▶ **EXERCISE DESCRIPTION**:
The answer should consist of the full listing below, repeated exactly and free of pictures.

PROVIDED MATERIAL below:

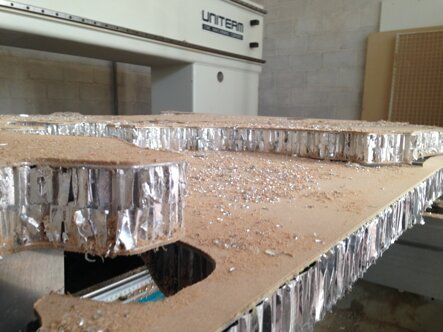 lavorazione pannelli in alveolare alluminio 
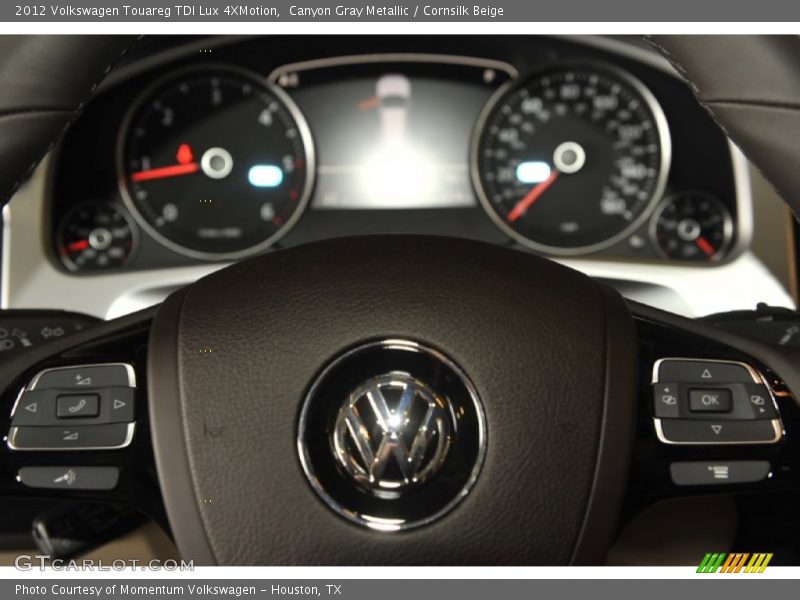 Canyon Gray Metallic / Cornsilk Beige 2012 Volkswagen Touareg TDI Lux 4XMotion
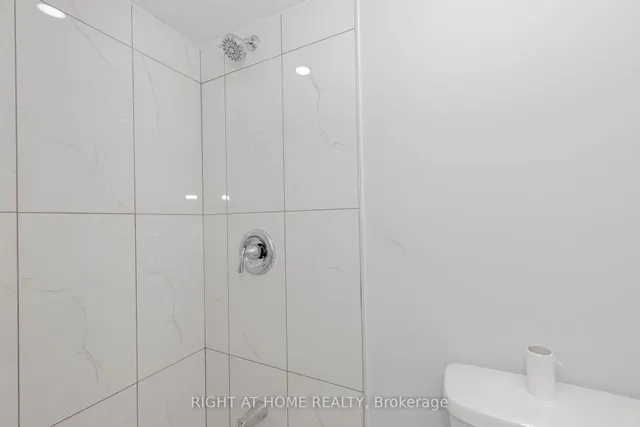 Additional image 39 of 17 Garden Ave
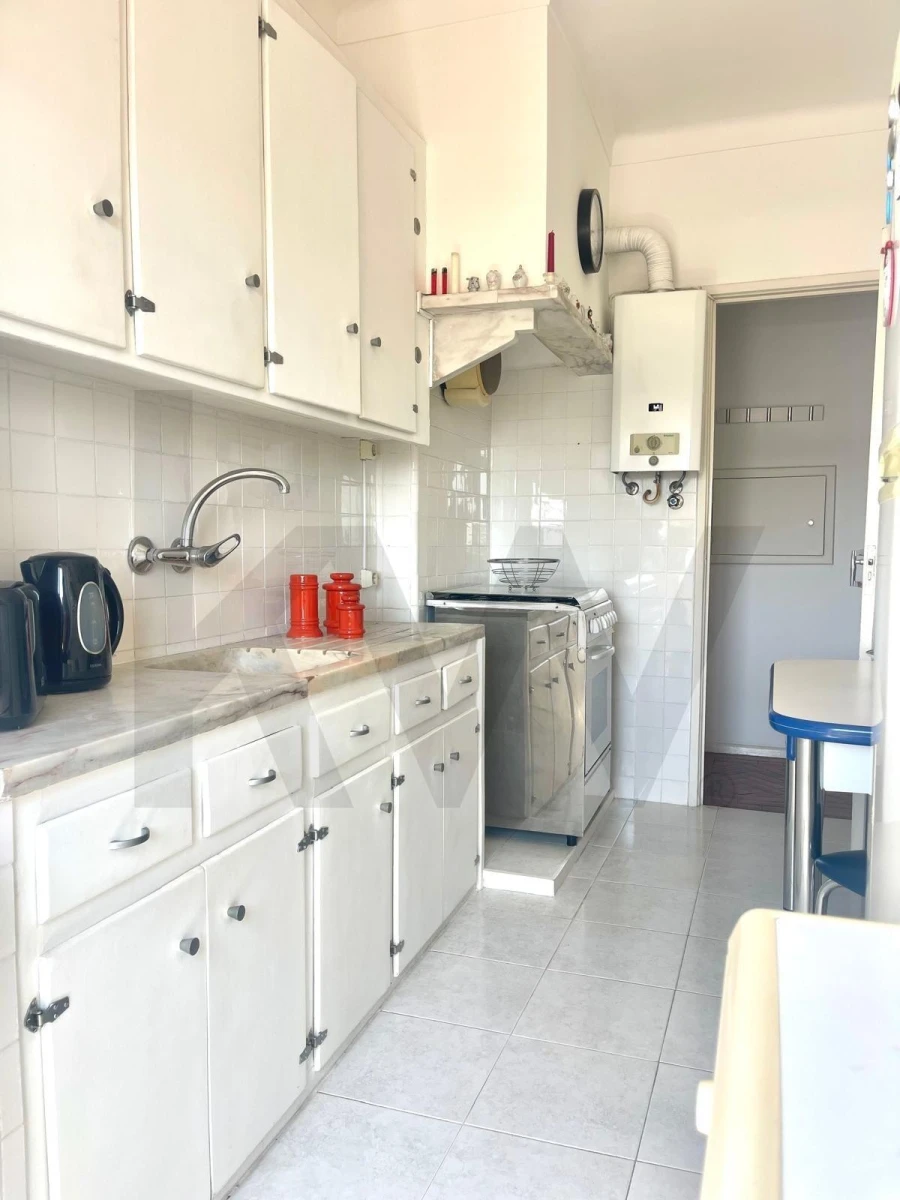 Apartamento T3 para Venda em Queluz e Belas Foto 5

End of PROVIDED MATERIAL.

▶ **EXERCISE SOLUTION**:
 lavorazione pannelli in alveolare alluminio 
 Canyon Gray Metallic / Cornsilk Beige 2012 Volkswagen Touareg TDI Lux 4XMotion
 Additional image 39 of 17 Garden Ave
 Apartamento T3 para Venda em Queluz e Belas Foto 5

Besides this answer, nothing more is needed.